I’m moved to a room about 6:30 Tuesday morning. It might as well be the Ritz, as it has a window and its own bathroom, meaning I no longer have to ask for the IV to be stopped, gather the flapping ends of my gown around me, and pad to the bathroom in the ER common area every time I needed to pee. (This is another thing that I realize makes my hospital stay not so awful. I can get to the bathroom myself, feed myself, etc. Also, the fact that I am cognizant enough to ask questions along the way and understand, sort of, what is being done to me makes everything better.)
It’s shift change time, and I’m not sure but I think this might be why a couple of things get overlooked, such as offering me breakfast and doing a proper “intake,” which the day nurse says repeatedly she needs to do but never does. (One of the ER nurses gave me graham crackers and peanut butter on Monday, but I haven’t eaten a meal since Sunday evening.) I wonder if the intake cues several things, such as getting the patient something to eat, getting the patient a clean gown, and providing said patient with toiletries. It’s Wednesday before I get a new gown and toiletries, which Precious has been retrieving from home for me. Not a big deal, I realize, but when you are scared, and in pain, and just want some semblance of normalcy, a little deodorant goes a long way. I’m not sure why I don’t think to ask about this. I’ve only been hospitalized overnight once before, some thirty years ago, so maybe I don’t realize I have the right to request such. Or maybe I am too preoccupied, you know, with matters of life and death. Mine.
Hallelujah! The two perfectly lovely doctors from the ER are on my primary care team and they tend me throughout. The young woman I mentioned above, and a young man, both of whom are compassionate, professional, thorough without being alarmist, willing to answer any question I can conjure. They are funny, and personable, and I want to write their parents to tell them what good jobs they did with their children. They treat me with respect without making me feel I’m old enough to be their parents. I had no idea I would see familiar faces once I was moved to a room, and it makes a world of difference for me. (My mother, who was hospitalized often in the last years of her life in Mississippi, never had that experience of consistency in her care. It matters.)

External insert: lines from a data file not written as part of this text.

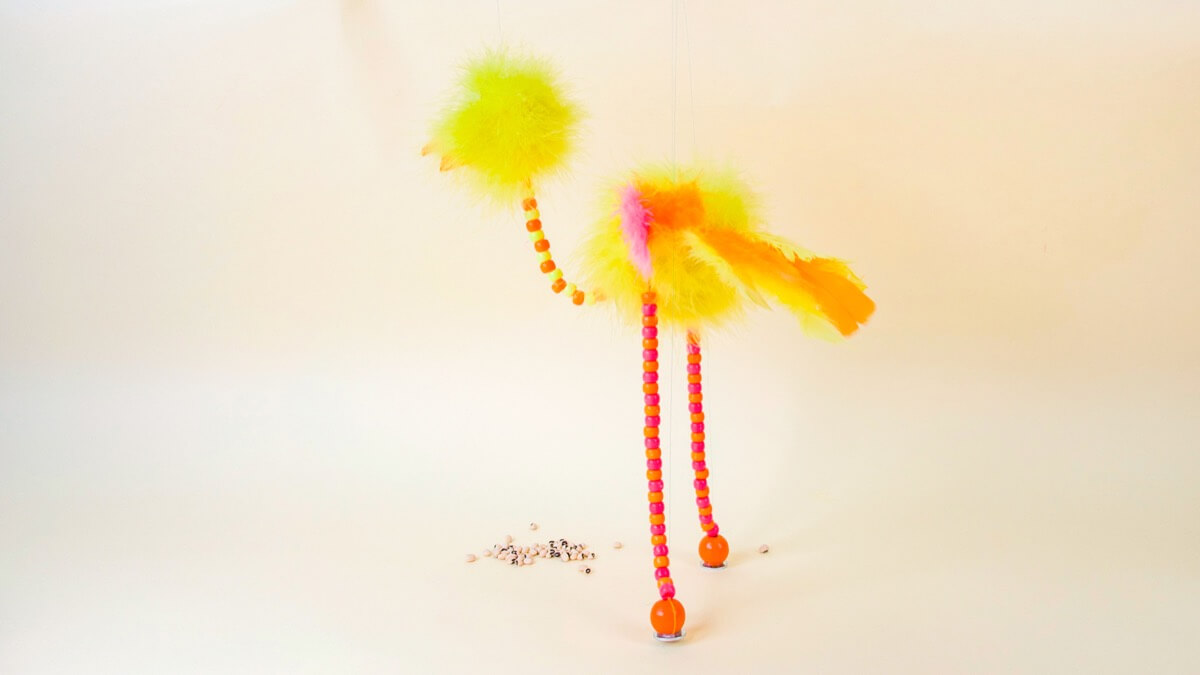 步骤13：接下来，将钓鱼线从脚穿过十字架的两端。将人偶直立起来。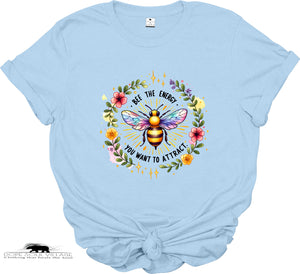 Light blue t-shirt with a colorful bee graphic and text on a white background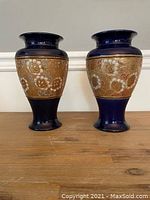 Pair of Royal Doulton vases side by side showing overall shape and design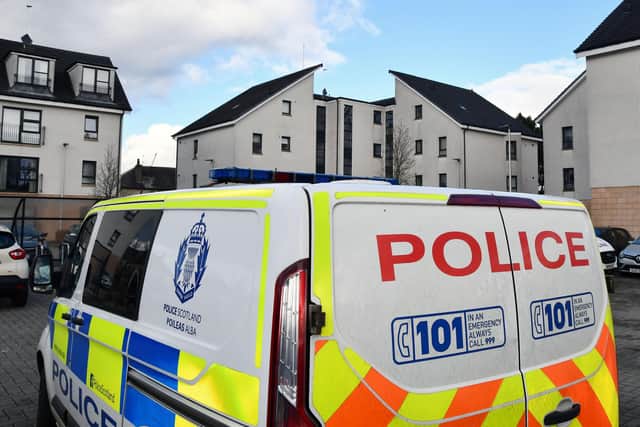 Police attend the incident at the block of flats on Falkirk Road at Anderson Park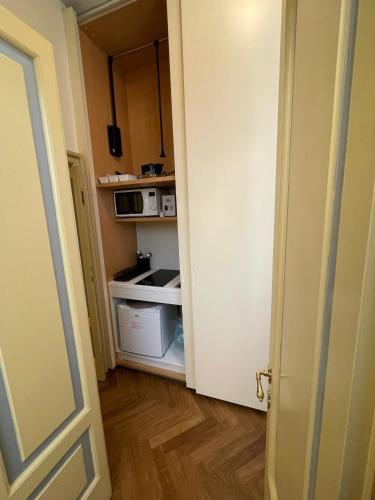 an open door to a kitchen with a microwave at Relais Dei Mandorli suite centro in Bergamo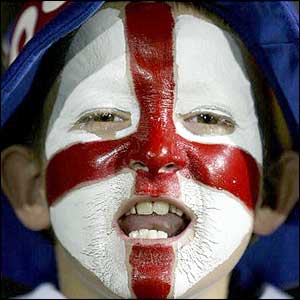 A young English fan cheers his team 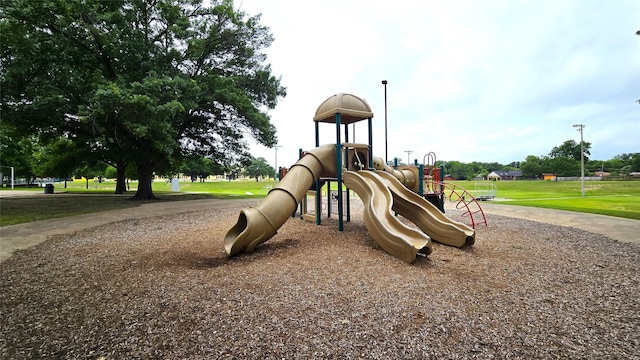 7719 Seydel St, Dallas, TX 75217 - community jungle gym with a lawn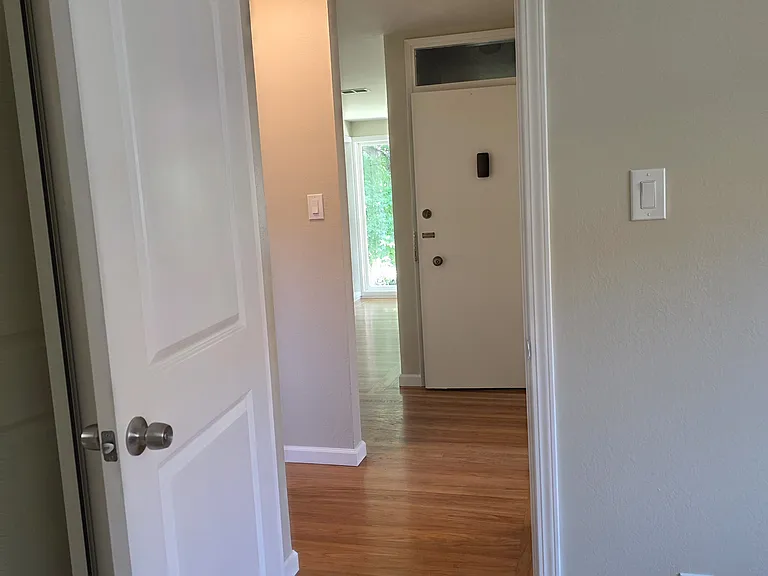 View from 2nd bedroom looking out at the front door.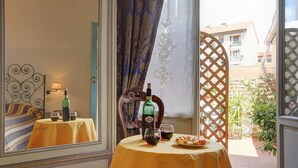 A room with a bed, a table with a bottle and glasses, and a view of the outside. - Soggiorno Sogna Firenze (Florence)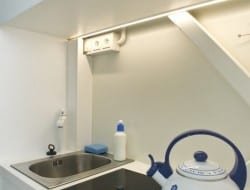 A fully functional kitchen in a hallway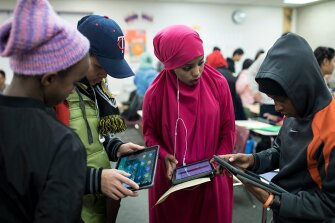 Students in an English literacy for newcomers class work together on a class presentation at Como Park High School in St. Paul, Minn. For more than 30 percent of the students in the district, English is not their first language.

“We still don’t know what’s causing your white blood cells to be so low,” they continue to say. “We’ve ruled out some things, but we’re running lots of tests.”
More tests, more questions, more tests, more questions.
Fever up and down. Mostly up.
And then, lunch! What a gift to be handed a menu and told I can order what I want as long as I follow the diet restrictions imposed by my condition. I can’t have fresh fruit and vegetables, as a precaution against additional infection. The menu provides me with several options, and I’m thankful I have choices. Again, when so much has been taken out of your control, any decision you get to make seems bigger than it might under normal circumstances. (The food throughout my stay is good, tasty enough, although my orders rarely match my approved requests.)
That night I ask for something to help me rest and am given melatonin. It does not do the trick, but it may be that I am simply too wired to sleep. So I look out the window at the other wings of the hospital, row after row of rooms, window after window, some with lights on, others darkened. Each one with a story.
In that window there, is a baby being born? What about next door, is someone losing his life?
I watch the LifeFlight helicopter come and go, each landing, each takeoff, a story.